Berna González Harbour nos recuerda en «La verdad, esa gran versión» que Platón decía que los poetas elegirían siempre a la belleza antes que a la verdad. Esto me hace pensar en que, es muy probable, que las gentes de hoy (incluidos los poetas) opten por las redes antes que por la verdad. Nada huye más de la verdad que la belleza y el ego: y las redes han perfeccionado los mecanismos de evasión. Después de todo, estas tecnologías han cumplido, según Eco, «uno de los tres deseos perdurables que durante siglos solo la magia pudo satisfacer: comunicarnos instantáneamente a grandes distancias»; los otros dos pueden leerlos en El teléfono celular y la reina malvada, uno de los últimos artículos del autor piamontés.

 

VI

Leo en Viceversa una entrevista que Juan Landaeta hace a mi amigo Karl Krispin. Abro la revista, en el móvil, justo cuando ya he dado por concluido este texto.
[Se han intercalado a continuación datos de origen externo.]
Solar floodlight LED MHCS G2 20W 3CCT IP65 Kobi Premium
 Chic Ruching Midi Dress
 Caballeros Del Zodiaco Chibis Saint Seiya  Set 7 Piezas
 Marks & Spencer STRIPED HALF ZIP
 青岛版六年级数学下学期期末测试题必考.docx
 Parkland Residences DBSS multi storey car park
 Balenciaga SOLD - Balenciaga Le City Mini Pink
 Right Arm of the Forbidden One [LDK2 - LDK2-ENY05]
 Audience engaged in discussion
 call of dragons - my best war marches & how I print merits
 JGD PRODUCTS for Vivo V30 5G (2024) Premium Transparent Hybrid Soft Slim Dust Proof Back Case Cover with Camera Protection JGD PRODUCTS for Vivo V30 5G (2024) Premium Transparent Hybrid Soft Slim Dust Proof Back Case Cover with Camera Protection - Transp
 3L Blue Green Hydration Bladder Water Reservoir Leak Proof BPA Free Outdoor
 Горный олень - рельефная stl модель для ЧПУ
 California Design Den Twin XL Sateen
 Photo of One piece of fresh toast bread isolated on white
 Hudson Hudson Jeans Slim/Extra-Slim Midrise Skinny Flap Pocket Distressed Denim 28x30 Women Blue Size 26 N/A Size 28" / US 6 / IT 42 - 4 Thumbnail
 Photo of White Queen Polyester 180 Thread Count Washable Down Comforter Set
Y descubro que Karl está hablando de la realidad. Dice que el lenguaje no es solo una traducción de la realidad, «sino una construcción de la realidad tanto en cuanto se utilice el lenguaje para protegernos de la realidad». Creo que eso es lo que intento explicar. Me provoca llamar a Karl para ver si acercándome con él, a esta cosa que es la realidad, puedo entenderla mejor. Pero sospecho que solo acabaré distanciándome más. Y este artículo debe terminar aquí y ahora. Si no, mutará a ensayo. Y la idea no es la mortificación, sino protegernos de la realidad.